*Exercise objective*. Restate word for word the lines below, from the one containing "Cricket World Cup" through the final line, with no pictures included.

*Extracted records*.

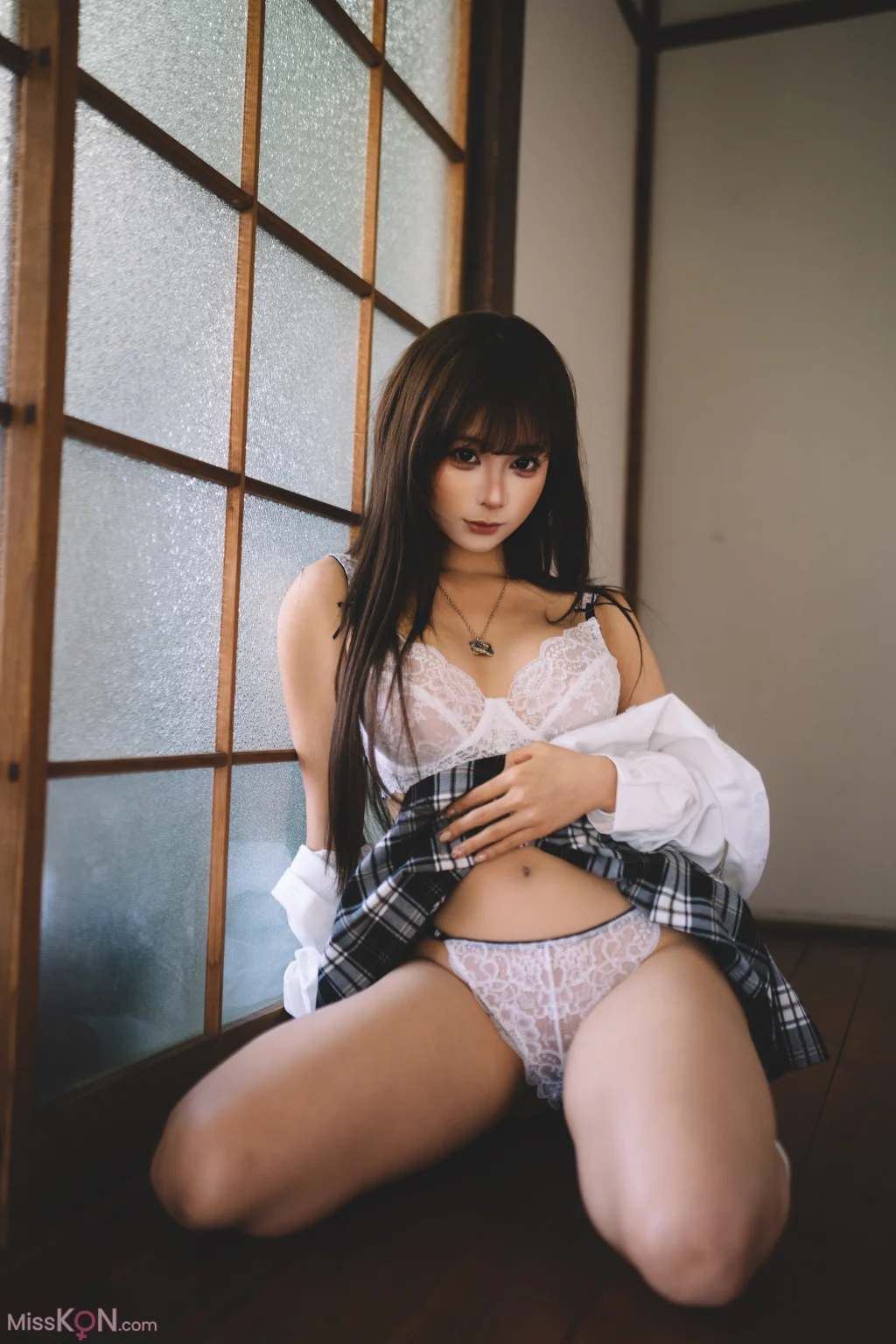 Coser@蠢沫沫 (chunmomo): JK (32 photos)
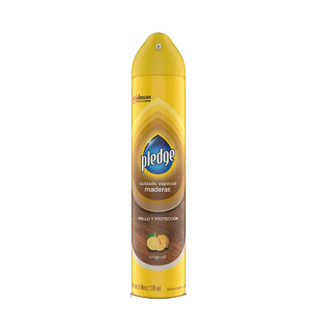 Pledge Lustrador De Muebles Aerosol Natural x378ml
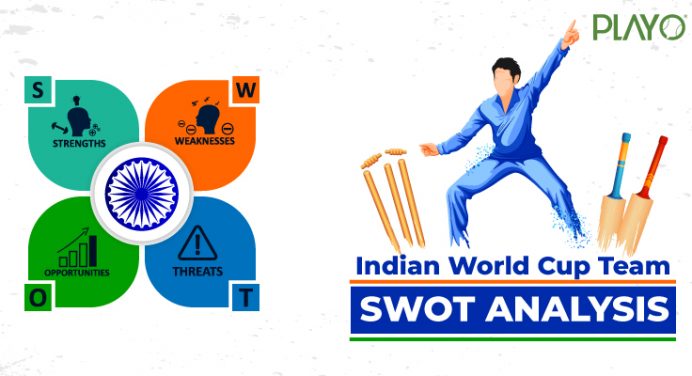 Cricket World Cup 2019: SWOT Analysis of the Indian Team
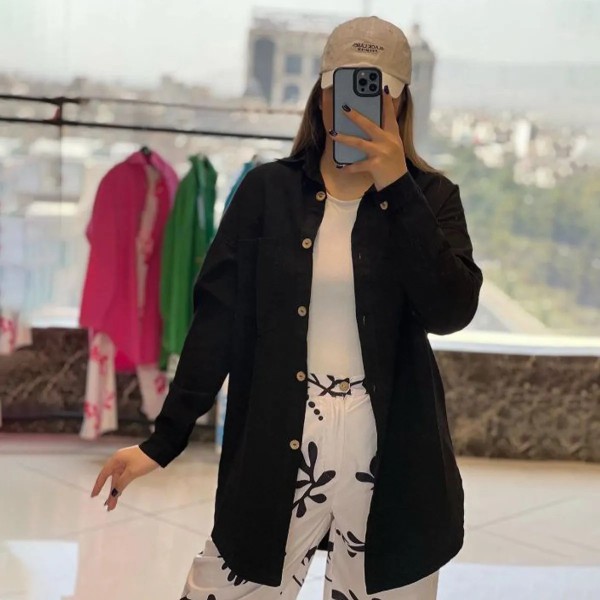 ست شومیز شلوار هاوایی زنانه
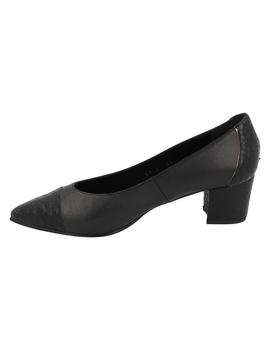 Zapato mujer Platino negro
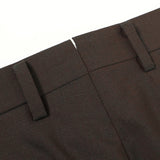 トロピカル無地ソラーロパンツ(ノータック)【Made in Japan】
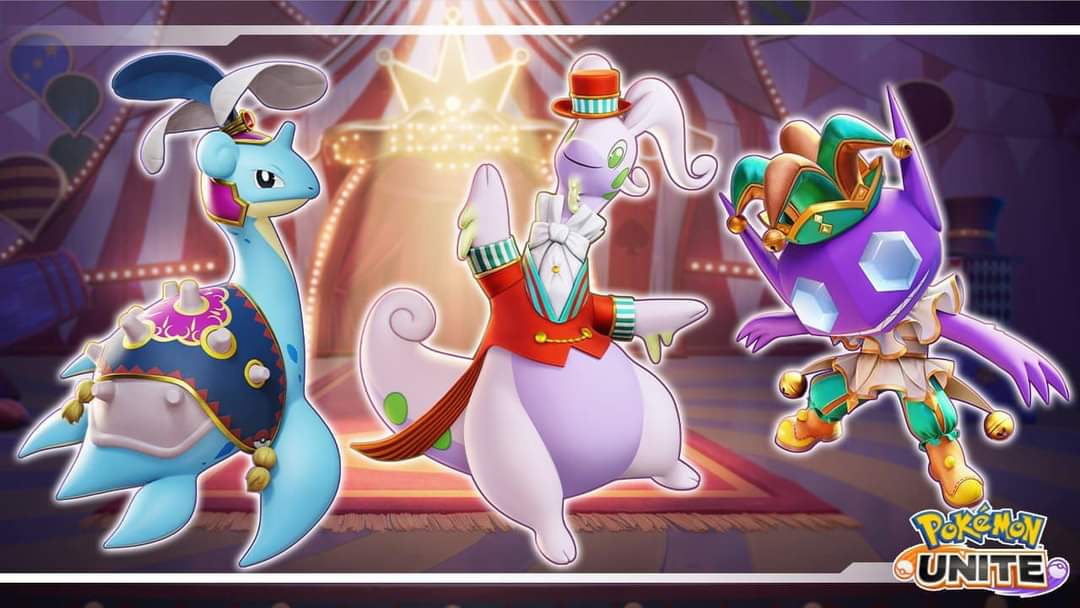 Pokémon UNITE: Três novos Pokémon foram revelados durante o mundial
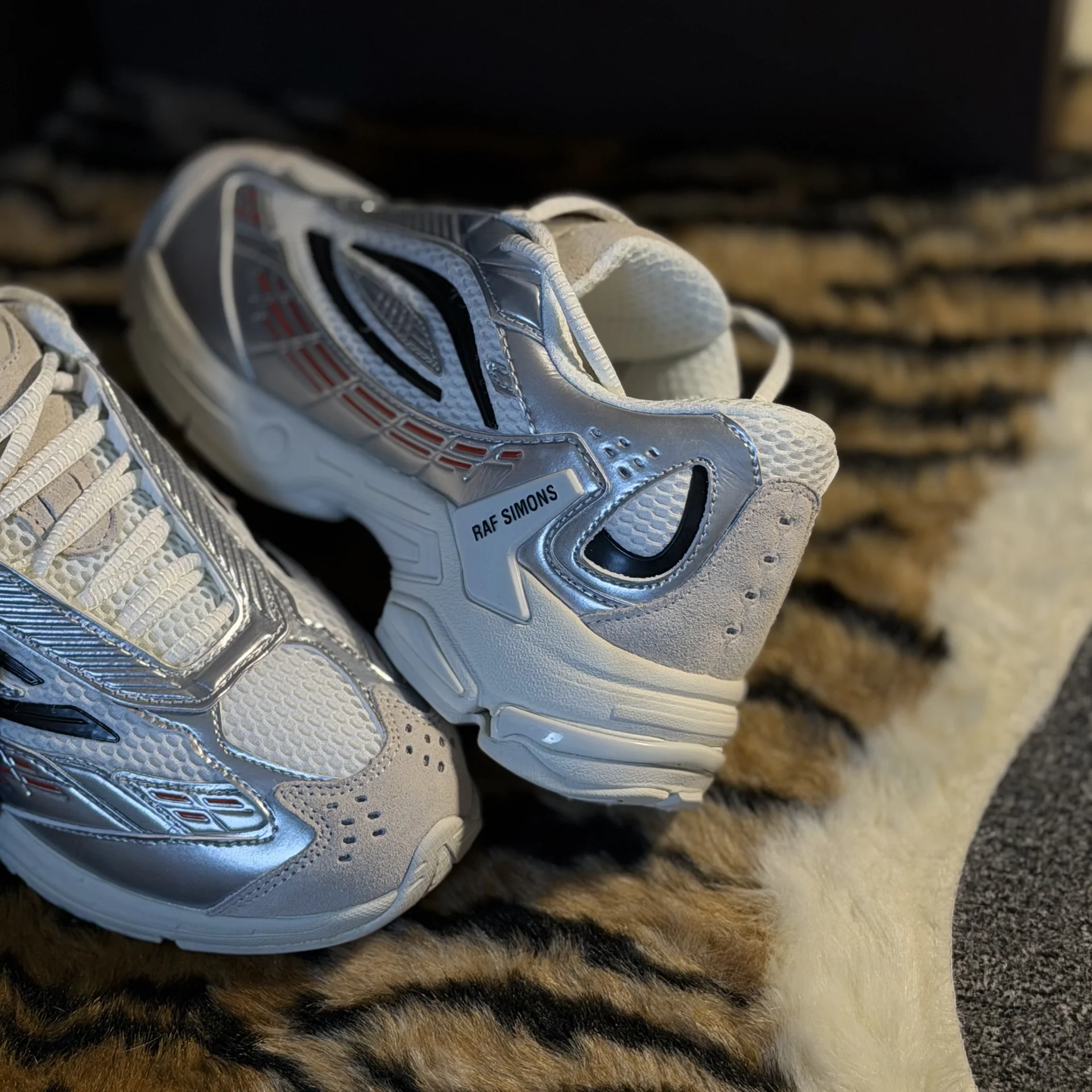 Кроссовки Raf Simons white-gray (41-45) - миниатюра 4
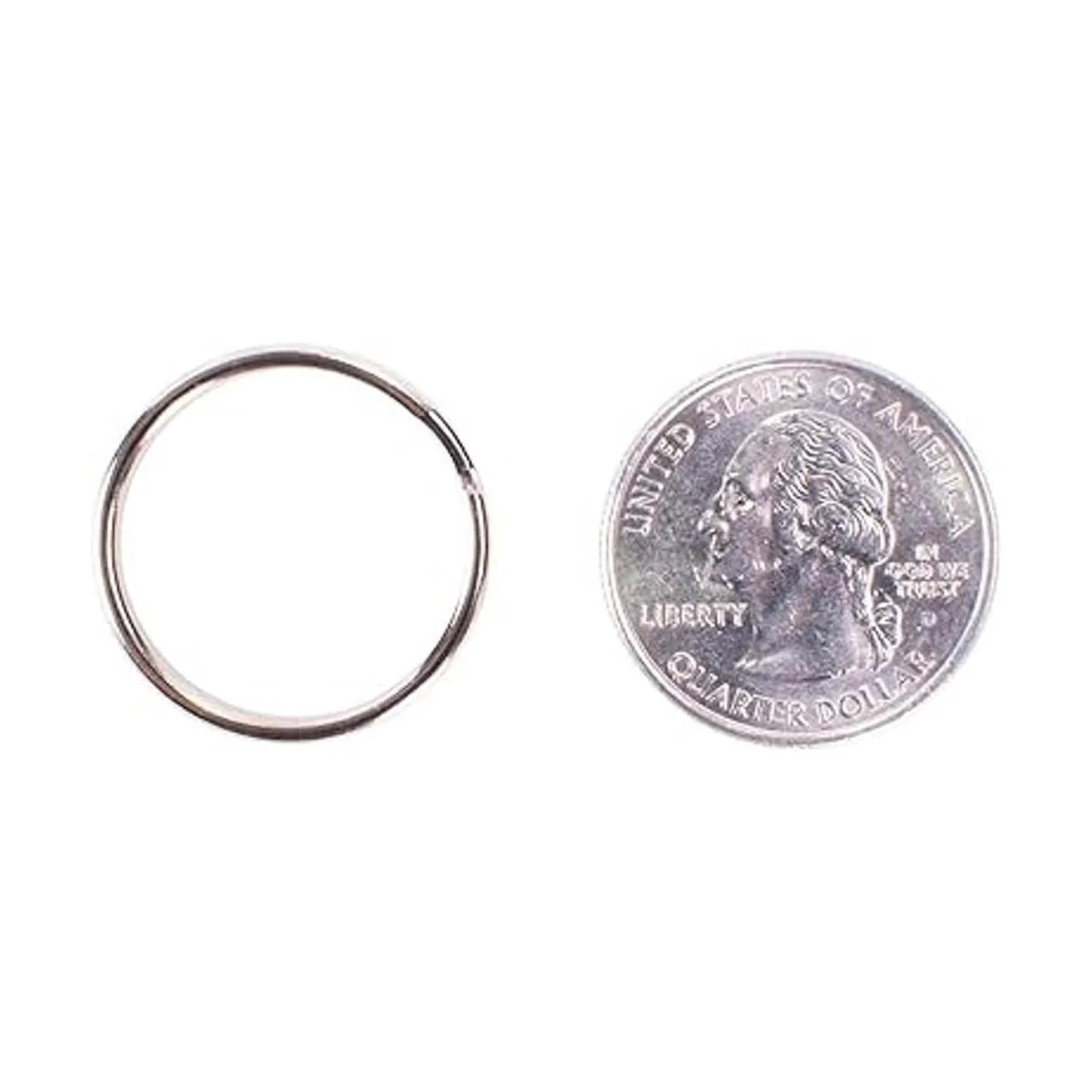 Onwon Juego de 100 llaveros de 0.984 in de 0.984 in_3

*Answer to this problem*.
 Cricket World Cup 2019: SWOT Analysis of the Indian Team
 ست شومیز شلوار هاوایی زنانه
 Zapato mujer Platino negro
 トロピカル無地ソラーロパンツ(ノータック)【Made in Japan】
 Pokémon UNITE: Três novos Pokémon foram revelados durante o mundial
 Кроссовки Raf Simons white-gray (41-45) - миниатюра 4
 Onwon Juego de 100 llaveros de 0.984 in de 0.984 in_3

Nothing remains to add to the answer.